The movie opened this year's Sundance Film Festival (a first for an animated production), and while it's too dark and adult-themed for youngsters, it warrants a mention among 2009's most memorable films, regardless of the medium. The lack of broad family appeal will limit its popularity, but that shouldn't keep discriminating moviegoers from seeking it out.
Director Adam Elliot -- who won an Academy Award for his 2003 short Harvie Krumpet -- hinges his debut feature on the unlikely, poignant friendship between a pair of eccentrics in dire need of a human connection.

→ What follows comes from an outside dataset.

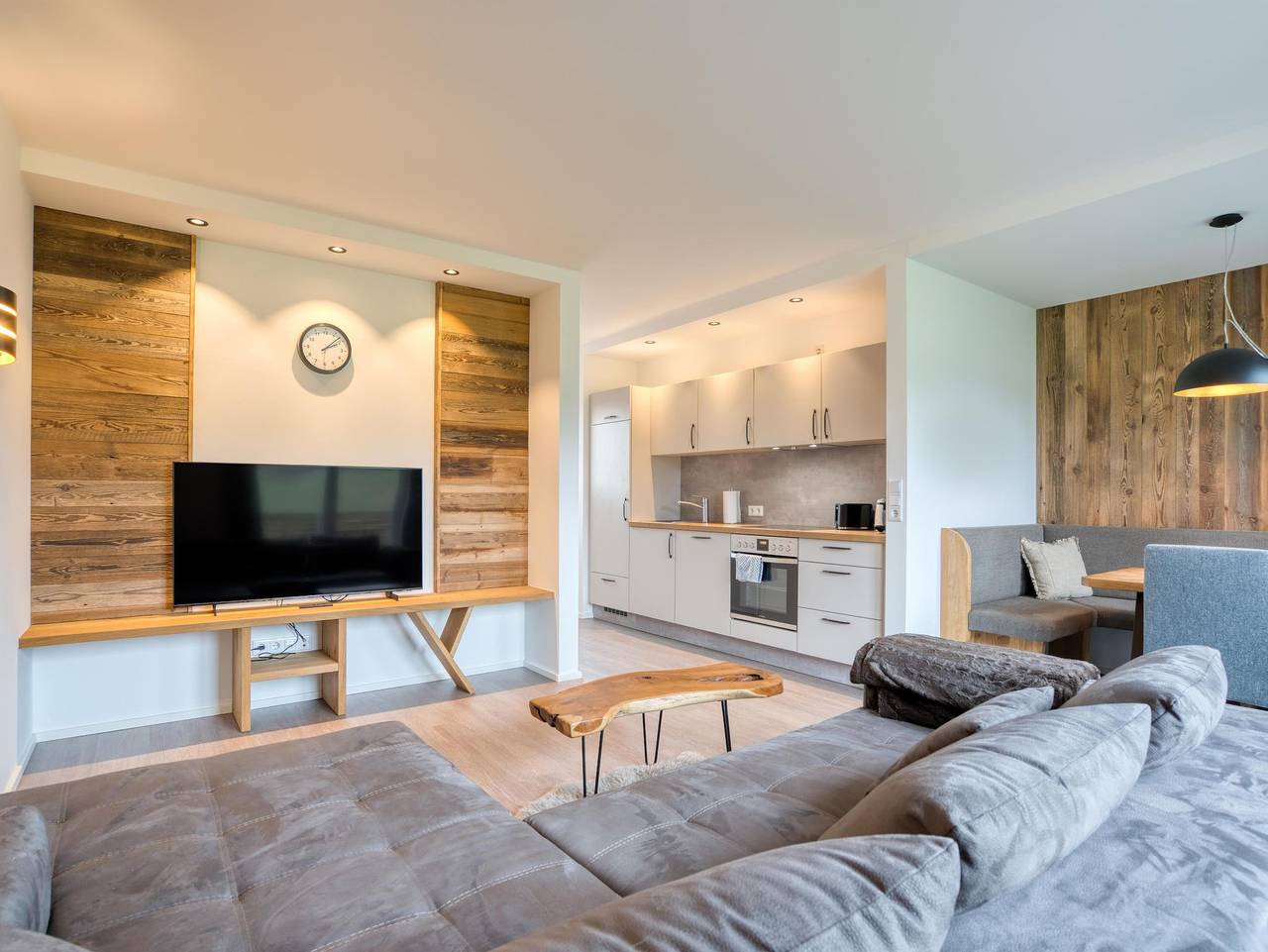 Ganze Ferienwohnung, Natur Residenz Bad Häring - Premium Apartment 4 Natur Residenz Bad Häring in Bad Häring, Kitzbüheler Alpen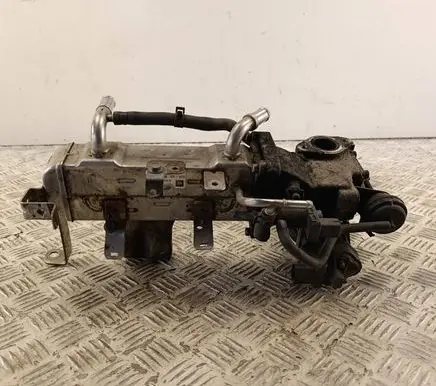 Chevrolet Captiva EGR valve cooler 25185316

Bright but dweeby Mary (voiced by Bethany Whitmore at first, then Toni Collette) is a young girl living in Australia, ground down each day by horrible parents and cruel schoolmates. One day she finds a New York phone book and decides to write a letter to a random stranger listed within its voluminous pages. That stranger is Max (Philip Seymour Hoffman), a neurotic overweight misfit who doesn't have a friend in the world. Until Mary, that is.
The two begin writing each other, becoming pen-pals and long-distance companions through good -- and very bad -- times. Like I said, Madagascar: Escape 2 Africa it's not. What it is, however, is endearing, tender, intelligent and absurdly droll.
If it is at times burdened by the weight of its themes -- in addition to mental illness, there's mortality and general social anxiety -- it never feels morose. And if it sometimes wears its quirkiness like a badge, we never doubt its sincerity. By the conclusion, the emotions it has stirred feel earned.
Like the best filmmaking, it leaves us to contemplate not just the characters, but our own lives and how we relate to the people we have chosen to share them with.
Just as impressive as the storytelling is the painstakingly-rendered stop-motion claymation, which, far starker than Wallace and Gromit, brings Mary and Max's disparate surroundings to tactile life: from the sepia-toned suburbia of Mary's Mount Waverley, to the colour-drained severity of Max's grim, loveless New York City.
At no point is Mary and Max easily categorized or deciphered. Is it meant to be crabby and dour? Or hopeful and life-affirming? The answer is elusive. What's never in question is the skill and soul invested in every frame.